WHAT THIS TASK INVOLVES ::
Retype only the lines below from the one with "Posezení v ubytování Chateau Neufays" to the one with "A room with", inclusive, skipping every image.

==== RECORDED DATA

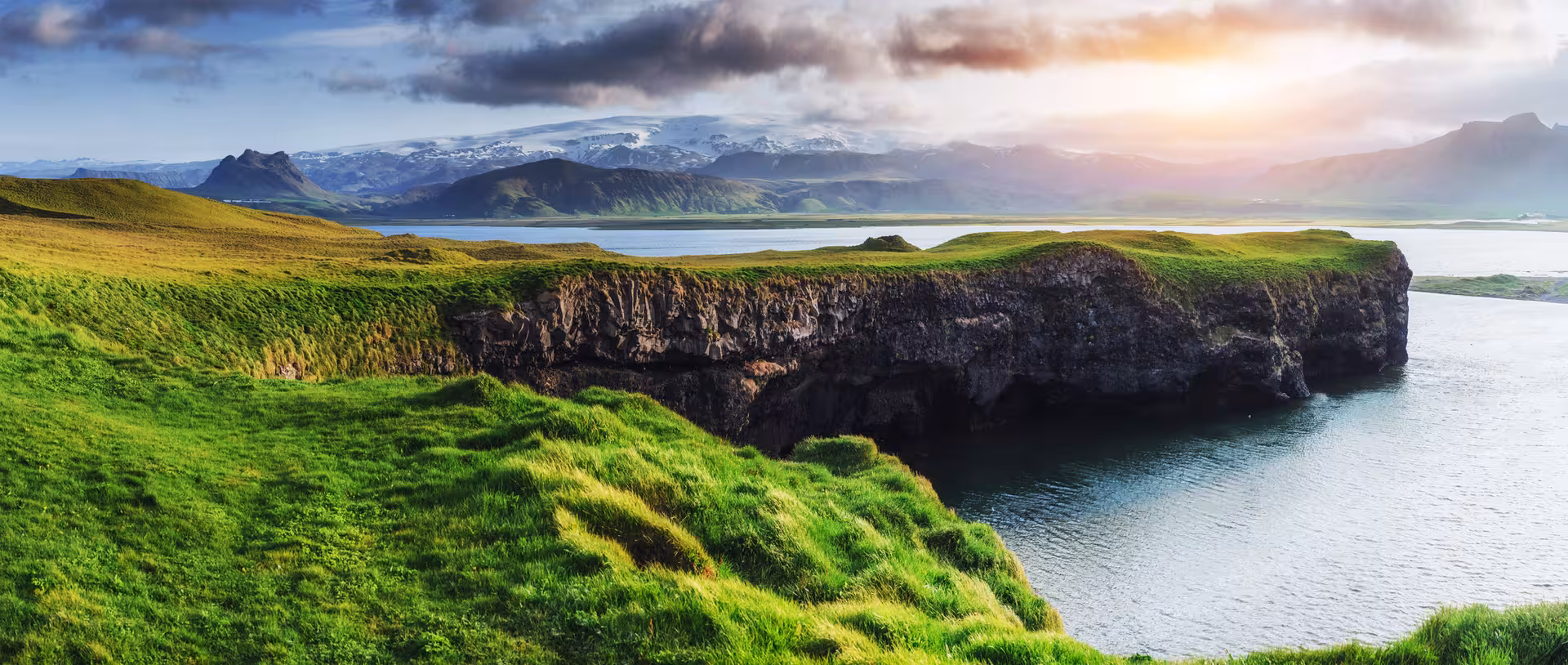 Scenic South Shore cliffs overlooking serene waters at sunset, a highlight of the waterfall adventure tour.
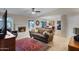 Bright living room with tile flooring, fireplace, and a view of dining area at 4828 E Capistrano Ave, Phoenix, AZ 85044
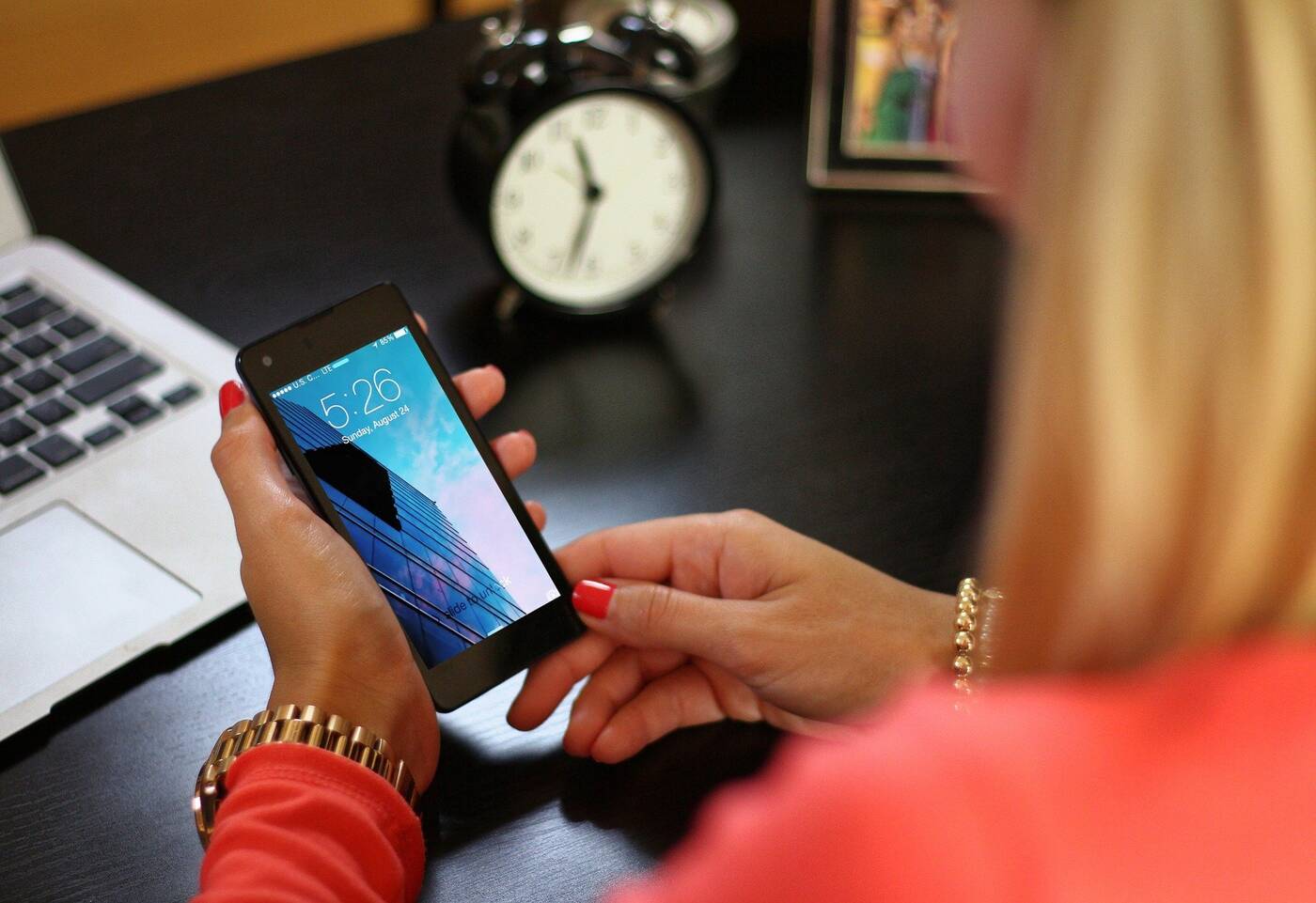 Woman looking at smartphone time at desk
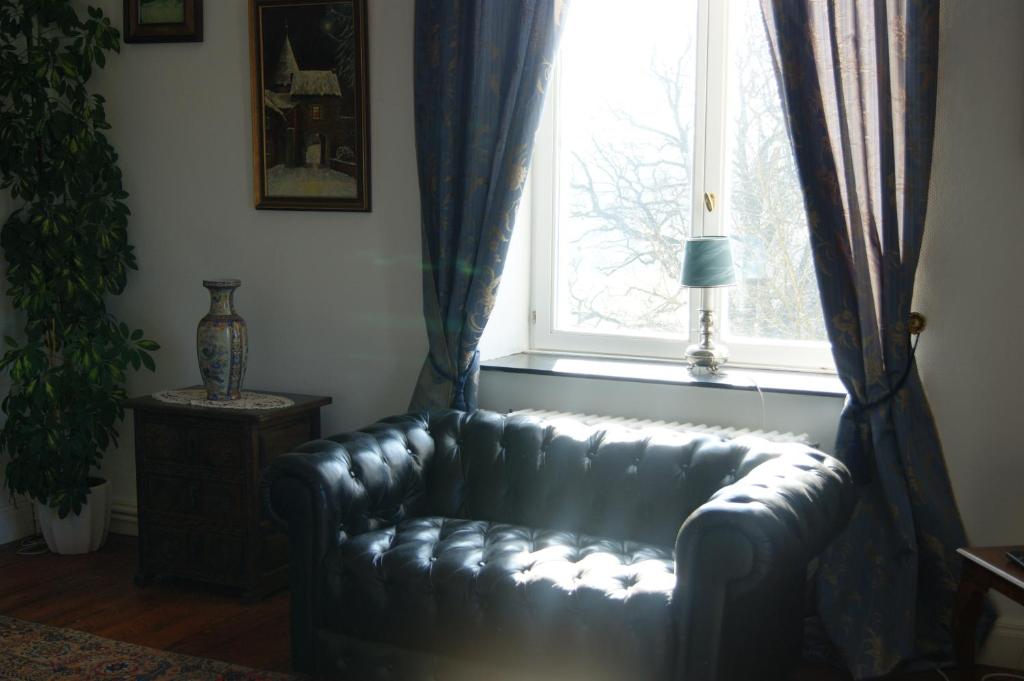 Posezení v ubytování Chateau Neufays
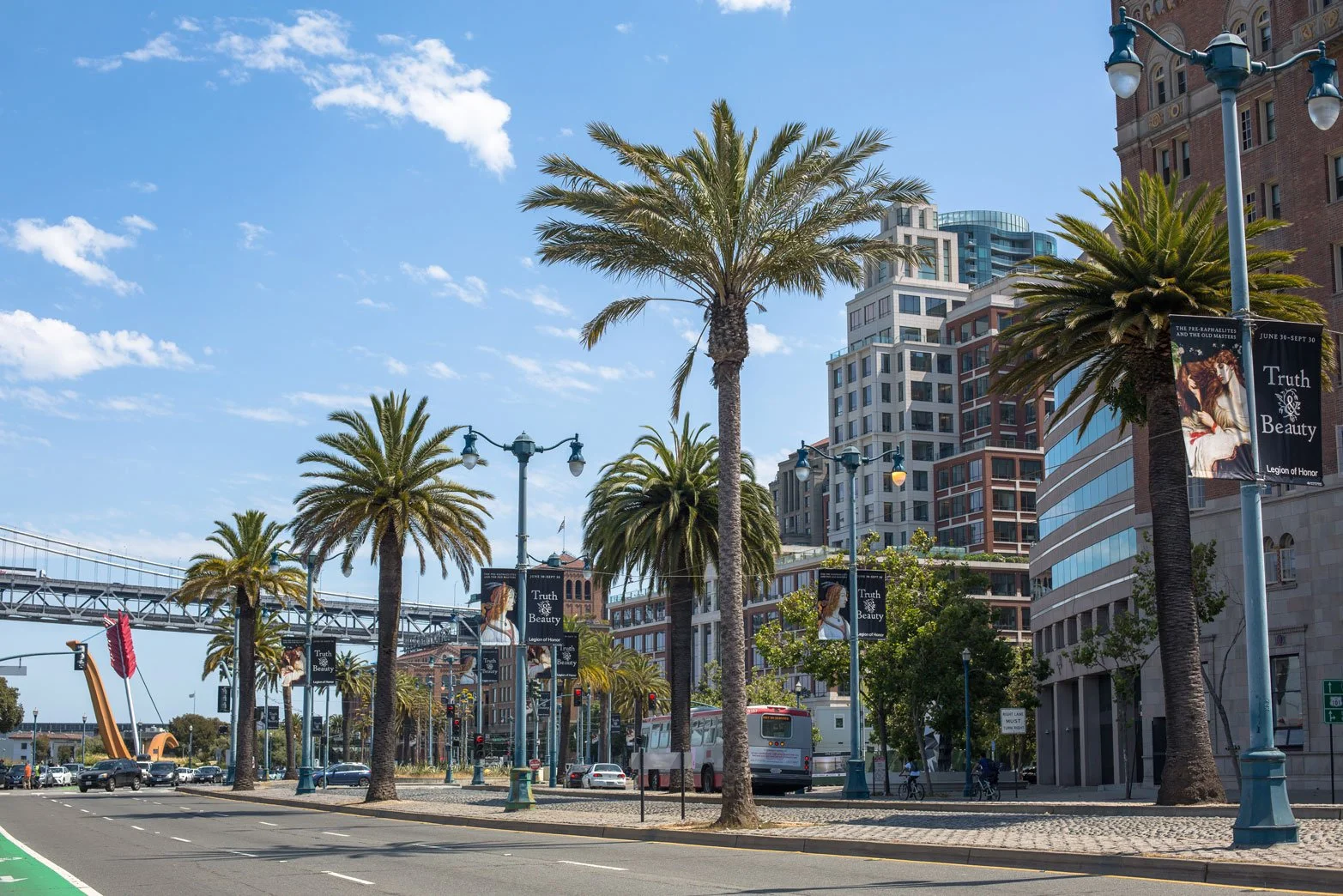 Street scene with palm trees, tall buildings, and banners that read 'Truth & Beauty' in a city with a clear blue sky.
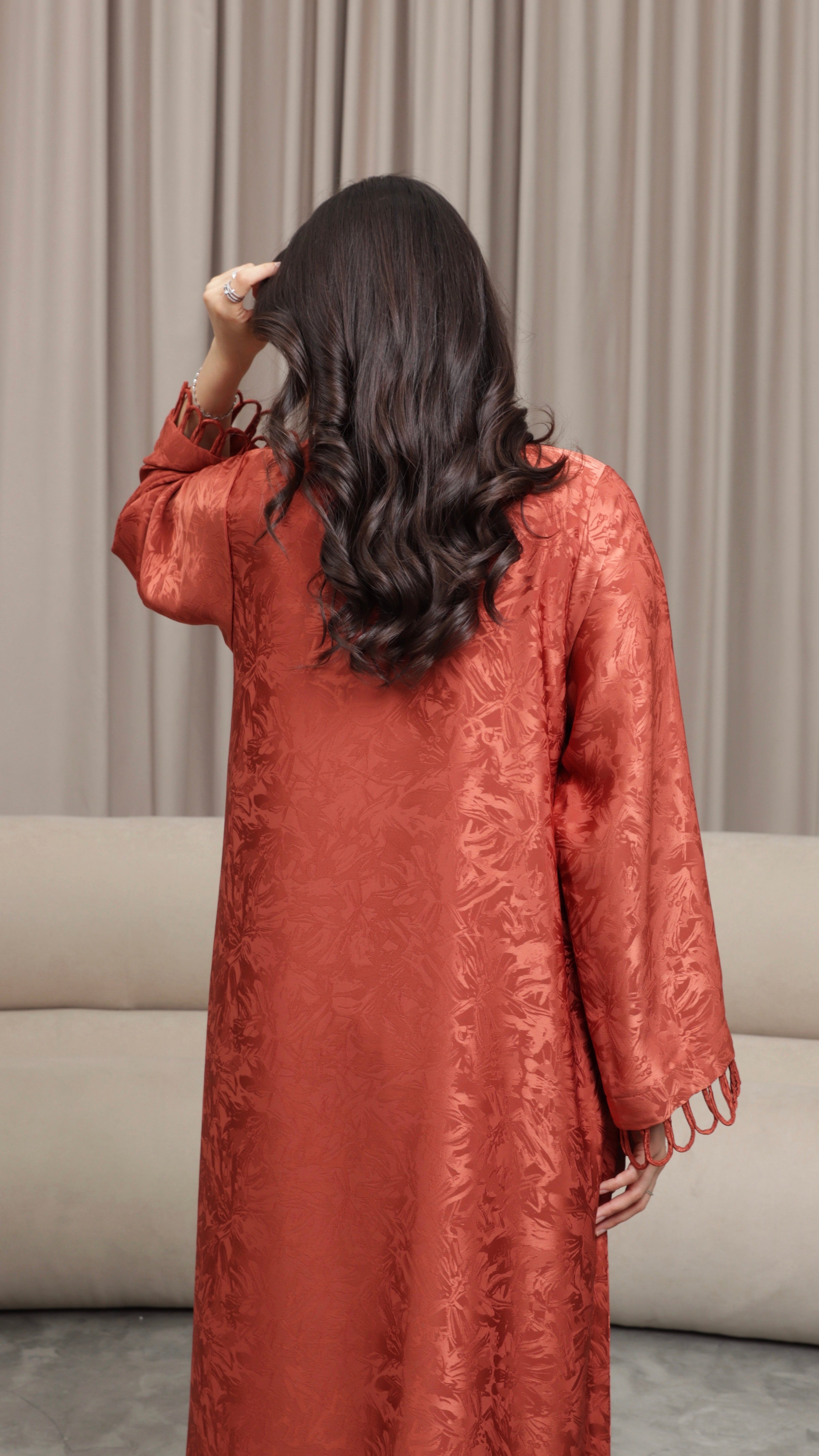 E121- Orange knot abaya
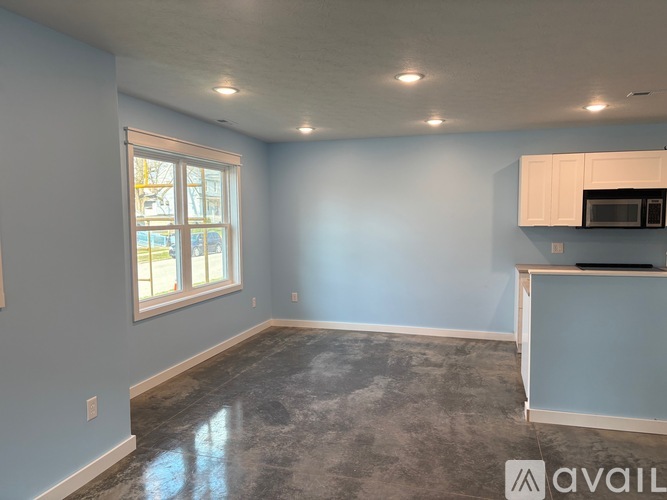 A room with a window and a microwave oven on a counter.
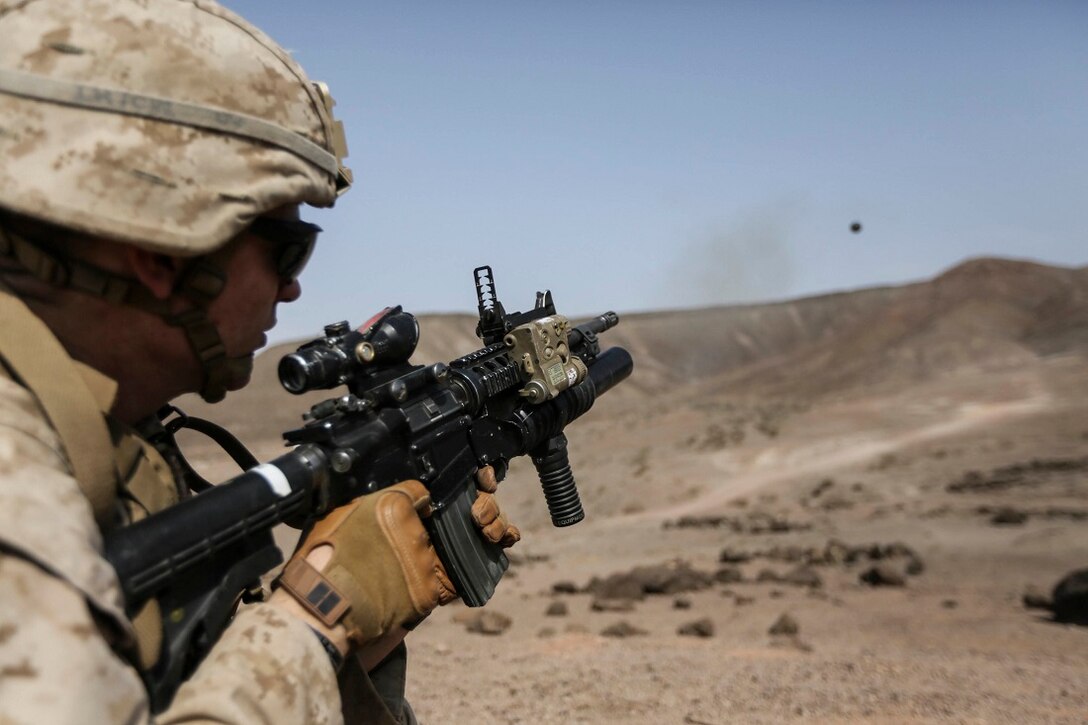 ARTA BEACH, Djibouti (July 22, 2015) U.S. Marine Lance Cpl. Brandon Kalz fires an M203 grenade launcher during a grenade accuracy exercise.  Kalz is a team leader with Battalion Landing Team 3rd Battalion, 1st Marine Regiment, 15th Marine Expeditionary Unit. Elements of the 15th Marine Expeditionary Unit are ashore in Djibouti for sustainment training to maintain and enhance the skills they developed during their pre-deployment training period.  The 15th MEU is currently deployed in support of maritime security operations and theater security cooperation efforts in the U.S. 5th and 6th Fleet areas of operation. (U.S. Marine Corps photo by Sgt. Jamean Berry/Released)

========

EXERCISE OUTPUT ::
 Posezení v ubytování Chateau Neufays
 Street scene with palm trees, tall buildings, and banners that read 'Truth & Beauty' in a city with a clear blue sky.
 E121- Orange knot abaya
 A room with a window and a microwave oven on a counter.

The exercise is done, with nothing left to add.